**Extracted entries:**
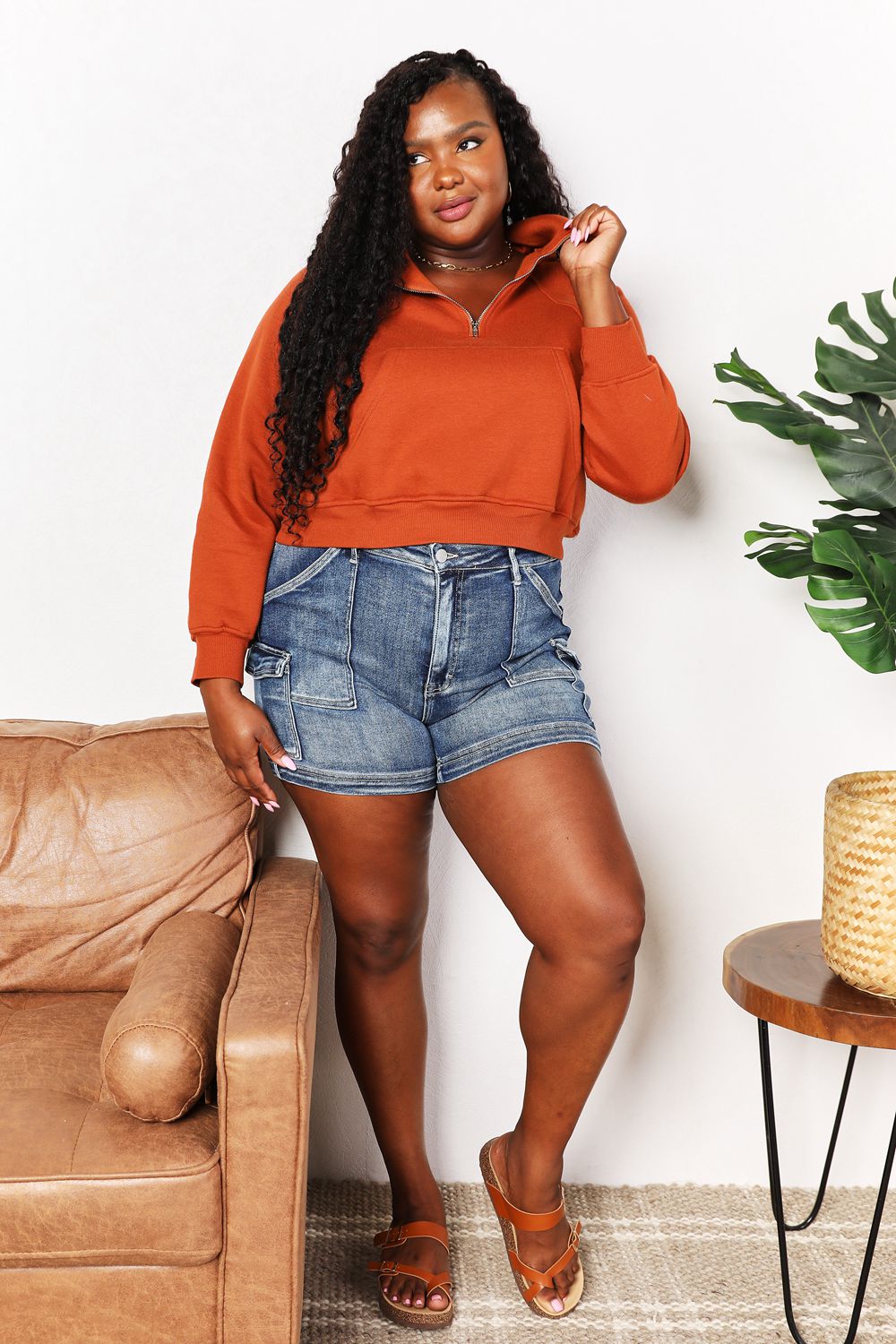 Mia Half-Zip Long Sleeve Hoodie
==
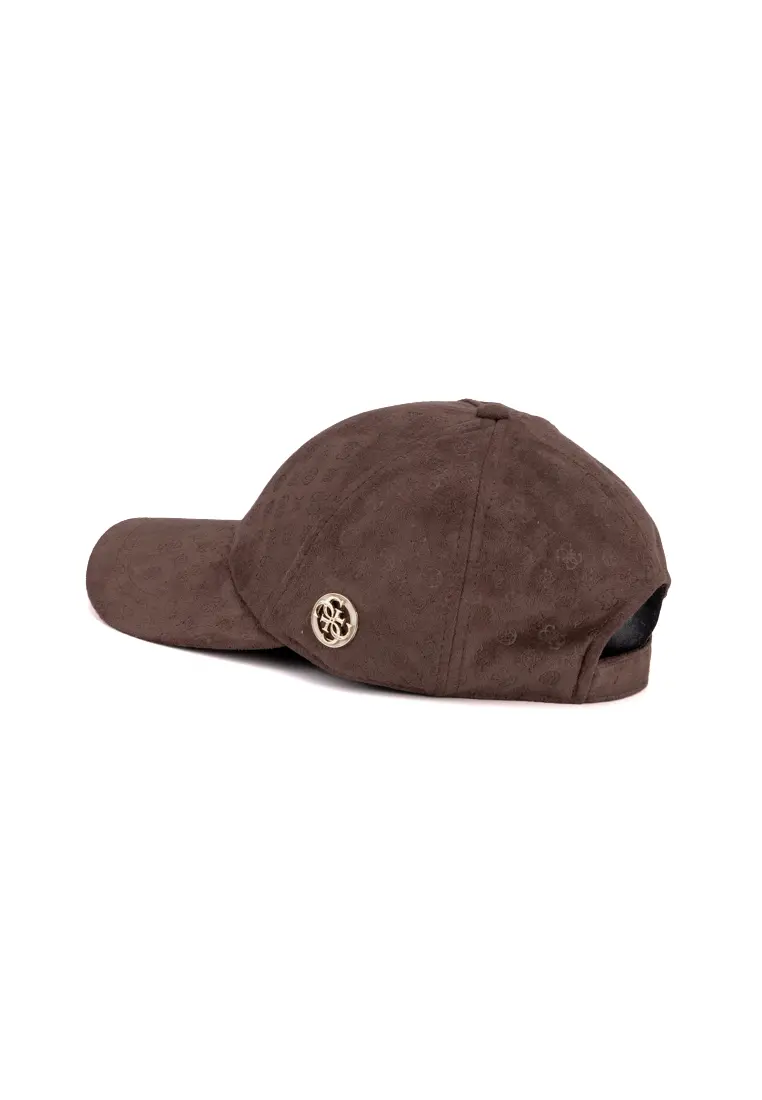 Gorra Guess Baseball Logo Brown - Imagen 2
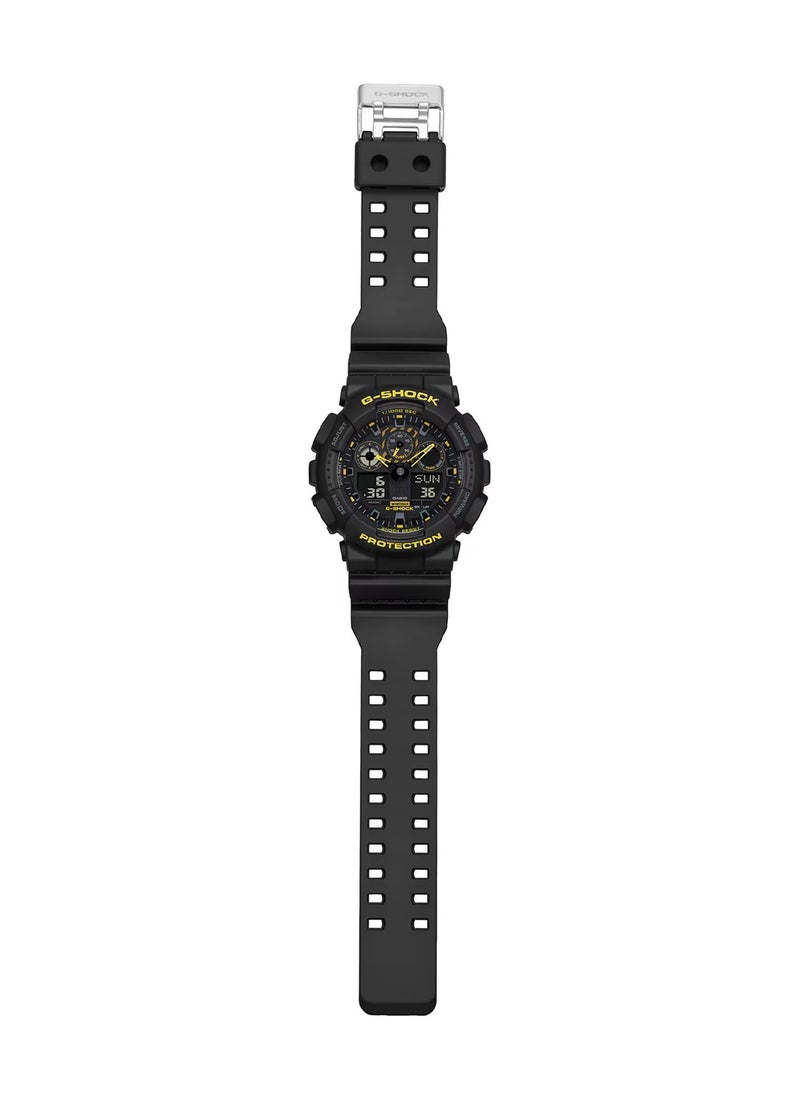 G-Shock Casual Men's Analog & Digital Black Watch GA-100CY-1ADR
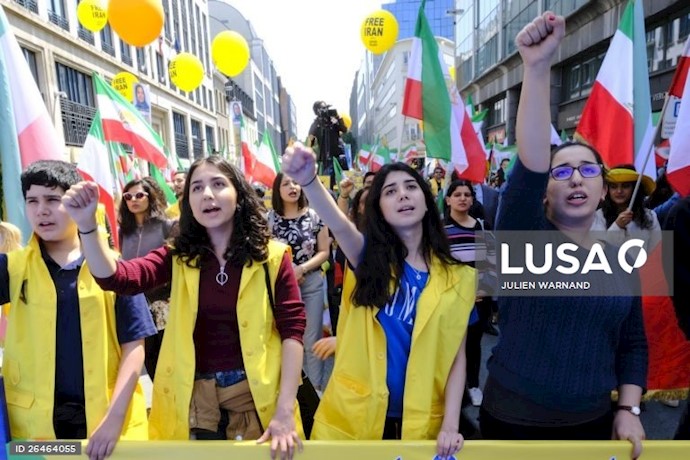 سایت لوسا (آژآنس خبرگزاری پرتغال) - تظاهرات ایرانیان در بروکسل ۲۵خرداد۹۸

**Exercise brief:** How would the lines above read from the one with "Gorra Guess Baseball Logo Brown - Imagen 2" to the one with "سایت لوسا (آژآنس", inclusive, with no pictures? Write them out exactly.

**Exercise response:**
 Gorra Guess Baseball Logo Brown - Imagen 2
 G-Shock Casual Men's Analog & Digital Black Watch GA-100CY-1ADR
 سایت لوسا (آژآنس خبرگزاری پرتغال) - تظاهرات ایرانیان در بروکسل ۲۵خرداد۹۸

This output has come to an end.